The StringViews.jl package implements an AbstractString type that is also UTF-8, but which can be backed by a mutable array of bytes. With this type, one could conceivably implement an in-place filter! function on a StringView. (Deleting characters in-place during iteration is very straightforward in the UTF-8 encoding, despite the variable character width.)

(And, of course, it is perfectly possible to implement a new AbstractString subtype backed by an array of Char. The LegacyStrings.jl package includes a related string type in the UTF-32 encoding, which is an array of Unicode characters identified by codepoint. It’s not something that seems to get much practical usage, however.)

26 Likes

That strings are immutable in Julia has always struck me as amusingly ironic, as usually I write programs to mutate strings (and mutate them a lot).

One pattern is the loop where you’re building up a long string by concatenating smaller strings and separators to the end of it. Another is the search and replace within a string.
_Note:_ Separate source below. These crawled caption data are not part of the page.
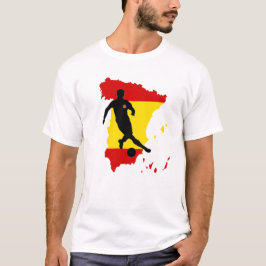 T-shirt de Espanha branca. 04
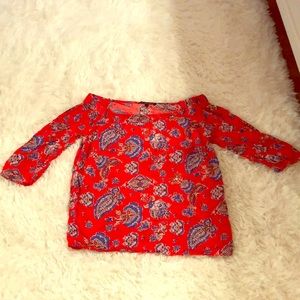 Off the shoulder shirt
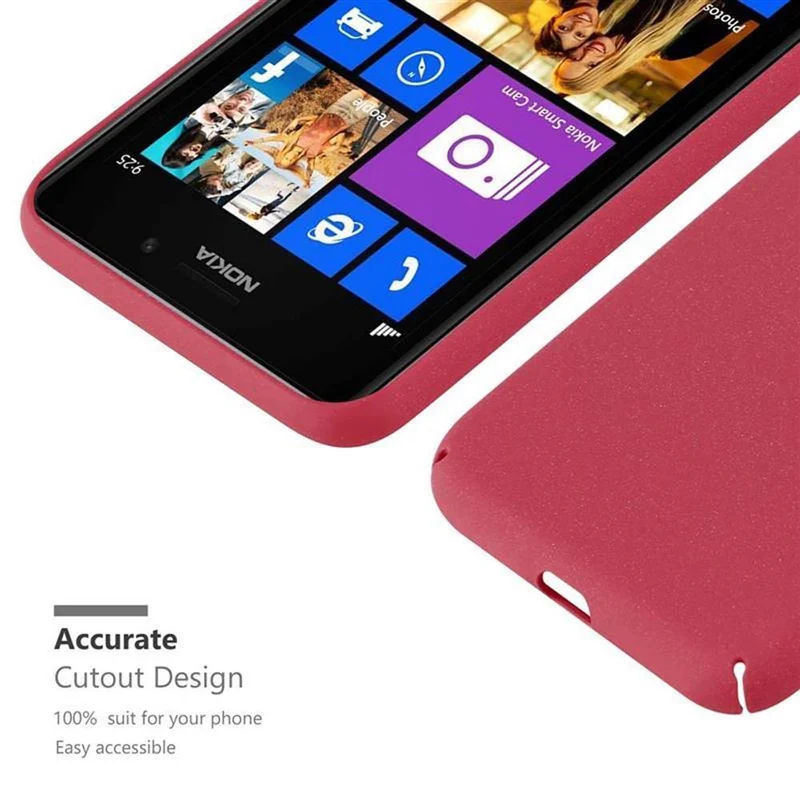 Cadorabo Hülle kompatibel mit Nokia Lumia 925 Hard Case Schutzhülle in Frosted Optik gegen Kratzer und Stöße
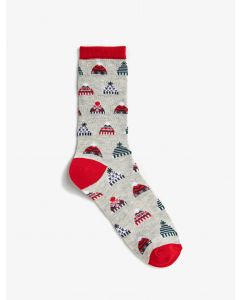 Chaussettes en coton imprimées pour femmes GREY T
It turns out not to impair one’s ability to mutate strings by strings being immutable–you just program it a little differently. Or you program it the slow and highly allocating way, but don’t care because it’s done in less than a millisecond anyhow.

2 Likes

You probably know this, but for the benefit of other readers I will note that this kind of task is generally accomplished in Julia with an IOBuffer, or equivalently with functions like join that internally use an IOBuffer. e.g.

io = IOBuffer()
for i = 1:5
    print(io, "something…")
    print(io, "something else…")
end
s = String(take!(io)) # get the concatenated string
17 Likes

I have an implementation of a string case converter (snake, pascal, camel, kebab, title, you name it) and I now plan on implementing IOBuffer everywhere in it instead.
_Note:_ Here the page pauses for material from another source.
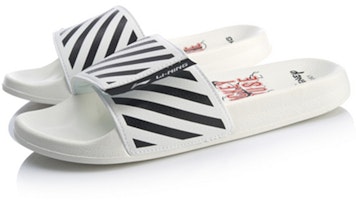 리닝 X 디즈니 미키 마우스 화이트 슬리퍼 (Stylish 함축) AGAQ023-5 Lookbook 리닝 X 디즈니 미키 마우스 화이트 슬리퍼 (Stylish 함축) AGAQ023-5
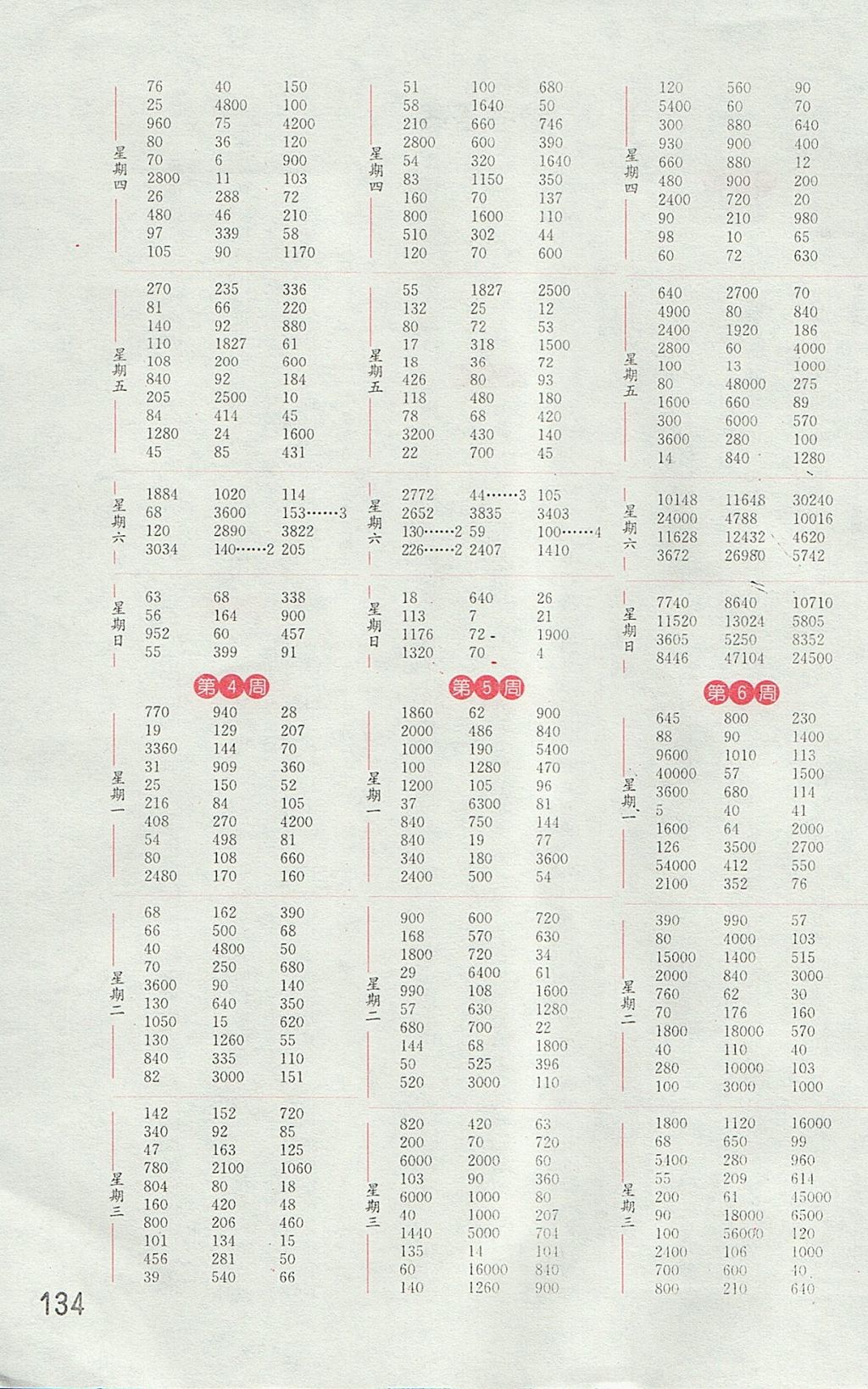 2017年通城學(xué)典小學(xué)數(shù)學(xué)計算能手四年級上冊北師大版 參考答案第2頁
It’s currently implemented as @blackeneth described - a lot of splicing and splitting of strings stored in vectors and variables. But also as they said, it’s super fast anyway.

And sidenote, StringCases.jl didn’t suit my use case, though I did consider contributing to it.

In many languages strings are immutable to facilitate string interning:

Though this isn’t the case in Julia AFAIK, at least not with String.

3 Likes

This is a general design question whenever you have a datatype: Do you want it to behave like an immutable value (e.g. Int, BigInt or julia String) or like a mutable thing like RefValue{Int} or Vector{Int}?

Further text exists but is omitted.